«Мне нравится, когда ее нет, хотя и не могу без нее. И бог знает, может ли человек кого-то любить, кроме себя самого?» — говорил он.
Настроение у него резко менялось. Я знал, что эти внезапные смены настроения всегда предшествовали сокрытию его души.
34
Пока Разия выздоравливала, Теодор совсем одичал. Жил как отшельник. Часто подступали рыдания, терзали головные боли. К тому же и сновидения нарушали его душевное здоровье, порождали мрачные предчувствия. Как будто он не видел сны, а жил в них. Настроение, в котором он просыпался, сохранялось в течение всего дня. От сновидений зависело его состояние — то ли радостное, то ли грустное. Однажды утром он неожиданно позвал меня и заявил, что должен немедленно поехать в Дыры к матери. Я спросил, не больна ли она, но он не ответил и лишь твердил, что должен повидать мать. Я пытался отговорить его тащиться в такой холод, который охватил всю страну. Постепенно он успокоился. И по горячим следам рассказал мне свой сон, который привиделся ему под утро.
Он очутился в подвале дома, таком огромном, что в нем мог вместиться целый мир. Вдруг открывается железная дверь, и через нее входят божьи люди, входят один за другим, и наконец появляется его мать. Теодор порывается к ней подойти, но не может двинуться. Он зовет ее, а она не слышит, потому что в это время к ней подступает смерть и что-то шепчет на ухо. Теодор хочет оторвать их друг от друга, но не в состоянии сделать и шага. Ноги не слушаются его. В таких мучениях он и проснулся.
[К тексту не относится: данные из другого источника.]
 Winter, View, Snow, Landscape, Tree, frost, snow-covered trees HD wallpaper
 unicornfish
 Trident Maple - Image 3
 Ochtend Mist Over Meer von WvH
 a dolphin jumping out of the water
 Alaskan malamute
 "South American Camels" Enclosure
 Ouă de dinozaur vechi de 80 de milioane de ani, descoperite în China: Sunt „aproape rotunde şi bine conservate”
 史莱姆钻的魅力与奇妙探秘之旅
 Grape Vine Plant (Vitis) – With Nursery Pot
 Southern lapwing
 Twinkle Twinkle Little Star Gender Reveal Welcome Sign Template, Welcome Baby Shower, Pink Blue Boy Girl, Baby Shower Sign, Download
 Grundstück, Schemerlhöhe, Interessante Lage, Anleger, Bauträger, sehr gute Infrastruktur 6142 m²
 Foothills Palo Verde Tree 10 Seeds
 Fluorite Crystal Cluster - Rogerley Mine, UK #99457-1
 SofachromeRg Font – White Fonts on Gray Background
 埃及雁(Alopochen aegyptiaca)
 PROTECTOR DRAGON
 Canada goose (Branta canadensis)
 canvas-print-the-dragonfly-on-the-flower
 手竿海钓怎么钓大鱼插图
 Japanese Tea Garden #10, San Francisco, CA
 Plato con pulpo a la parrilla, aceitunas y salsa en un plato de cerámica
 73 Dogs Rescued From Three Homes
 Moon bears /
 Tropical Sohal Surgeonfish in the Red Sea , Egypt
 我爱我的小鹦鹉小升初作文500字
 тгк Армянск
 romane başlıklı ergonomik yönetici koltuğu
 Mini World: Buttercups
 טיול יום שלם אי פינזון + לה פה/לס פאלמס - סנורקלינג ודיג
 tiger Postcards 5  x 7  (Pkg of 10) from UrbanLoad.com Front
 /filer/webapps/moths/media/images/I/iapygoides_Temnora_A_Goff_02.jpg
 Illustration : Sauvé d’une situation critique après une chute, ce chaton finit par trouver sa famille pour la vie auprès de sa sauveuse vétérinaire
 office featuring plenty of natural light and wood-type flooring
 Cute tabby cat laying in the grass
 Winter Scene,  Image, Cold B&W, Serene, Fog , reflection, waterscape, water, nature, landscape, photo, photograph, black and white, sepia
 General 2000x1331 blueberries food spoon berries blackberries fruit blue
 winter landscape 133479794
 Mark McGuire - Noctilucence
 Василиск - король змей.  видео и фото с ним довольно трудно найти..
Теодор хорошо разглядел смерть, однако не находил слов, чтобы описать ее. Голова его клонилась к груди, точно он засыпал. Увидев во сне смерть, он больше не заговаривал о поездке к матери.
35
Среди предков Теодора ни по линии отца, ни по линии матери не было случаев умопомешательства, разве что у попа Луки, о котором шла молва, как о ясновидце и пророке. Этот поп Лука приходился Теодору седьмой водой на киселе по материнской линии. Теодор часто говорил об игре генов во времени. «Не зря в народе говорят, что семейное проклятие может сказаться и в девятом колене».
Я не собираюсь игнорировать возможность влияния прошлого через игру генов, но полагаю, что у Теодора гармония выросла из жизненного опыта, из его осознания, открытия. Его непостижимое понимание времени не только как течения, но и как всеобщей вибрации, присущей цивилизации, культуре, может быть, всякому порядку, порождалось и разумом, и могущественнейшей и возвышеннейшей энергией его существа. А необъяснимая чувствительность души переполняла его и захлестывала настолько, что и Разия, и работа над «Словарем» просто утопали в ней. Оттого, наверное, и его бегство.
Многие приятели Теодора, да и некоторые врачи именно в этом усматривали причину его душевной болезни, но я никогда в это не верил. Его чувствительная душа оказалась в полном одиночестве над пропастью. Уход Теодора из Дыр, воспоминания, учеба, женщина, «Словарь», обеспокоенность разорили гнездо его существа. Теодор пребывал на меже, на вечной грани, соединяющей и разъединяющей миры, в которых он оказался потом, с мирами, из которых вышел. Ему никогда не удавалось преодолеть то, что, как ему казалось, он может одолеть. В самом себе он мог все упорядочить, но какую-то незримую стену, отгораживающую его от других, он был не в состоянии ни разрушить, ни воссоздать. Где-то терялась и пропадала его душевная доброта, понимание времени и самого себя. Струны его души были совершеннее и тоньше, чем у других. Они могли оборваться в любой миг.
Не хочу сказать, что в жизни Теодора была некая роковая черта. Но любое, даже самое незначительное несогласие с самим собой и с другими откладывалось, образуя незримую стену, отделяющую его от людей. Эта незримая стена росла из-за наслоений непрестанных страданий и мучительного стыда, и я назвал бы ее Стеной Свершений всей его жизни. Его изматывала работа над «Словарем» — он не мог перелить в книгу свое понимание и свои ощущения.
Он все больше стыдился людей. Словно его красивая голова разрушала красоту того, что видит, к чему прислоняется. Теодор понимал, что не может жить только с самим собой, что должен жить с другими, и вместе с тем бежал этих других — он все больше чувствовал, как гармония тянет его в пропасть. Свет своей души он скрывал даже от самого себя. («Может ли кто понять другого? — говорил он. — Кого интересует, что я выкапываю из слов?») Работа над рукописью и спасала, и опустошала его. Тогда-то он и говорил о языке как о неповторимом материале, подобном времени, — разве что язык образуется из более осязаемого строительного материала. А то, что невозможно осязать, трудно вставить в книгу.